They are there for a reason if someone wants to use them - if not - simply
don't use them. After such options have disappeared peoples that were using it
are pissed and those who have not - don't even notice.

------
krisdol
Wait, what he's saying is that it's not obvious that View -> Toolbars ->
Navigation Toolbar toggles the visibility of the navigation toolbar?

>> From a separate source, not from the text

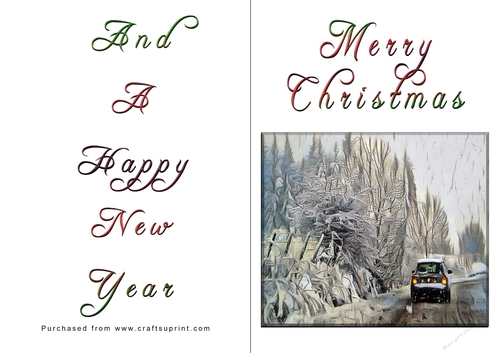 No Cut Just Print Christmas Cards - Car in Snow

I still
have nothing but pure distaste for the current "I can look like Chrome, too!"
UI decision of Firefox, and I'm just going to get more peeved as they kill off
more features for pure stylistic sake.

So in the future I'll have to browse through another 6 dozen 'classic options'
add-ons until I find one that is maintained, compatible, does what it claims,
and hopefully doesn't break my privacy?

Sounds great that the company that puts "Your Privacy First" finds that
untrusted third parties are the best providers of core functionality that
should have been in the browser to begin with.

------
hyperpape
The thing that so many of the usability challenged folks in this thread are
missing is that this is an argument about checkboxes in the standard
application preferences.

For complicated products like Firefox, there can be a range of options based
on how in your face they are:

    
    
      1. wizard that demands a decision when you first install the app (last resort)
      2. main pane of preferences (common decisions)
      3. about:config (obscure use-cases, dangerous use cases)
      4. only within the dev-tools (common case for a specific group of people)
      5. recompiling (the other last resort)
    

The customization/safety tradeoff is real, but it's not zero-sum.

------
talmand
Seems a nerve was struck with this one over the time since this was originally
posted.

Most of the options he's complaining about are not easily changed in my
current Windows version of Firefox.

Only the certificates (which is a multi-click process to get to) and the cache
management are located as described.

Although, looking around I found an option I never bothered to notice before.
View -> Page Style seems to provide the ability to disable all CSS quite
easily. What purpose does that serve for an everyday user?

------
jensnockert
Except most of those checkboxes don't exist anymore, the encryption tab is
gone, etc. ([http://imgur.com/YX4KyQL](http://imgur.com/YX4KyQL))

------
erlkonig
If Firefox would just add DOCUMENTATION (text and perhaps a URL to more text)
to the options in the about:config page, _many_ aspects of using it would
improve enormously.

------
valuegram
This is related to a question I was just pondering. I'm developing a web
application that relies heavily on JavaScript for a lot of the interactivity.
I was planning on devoting a decent amount of time to implementing JavaScript
disabled functionality as well, but realized for my target market (small to
medium business), that might not be very important, and could just be a big
time waste. Anyone have any experience/insight?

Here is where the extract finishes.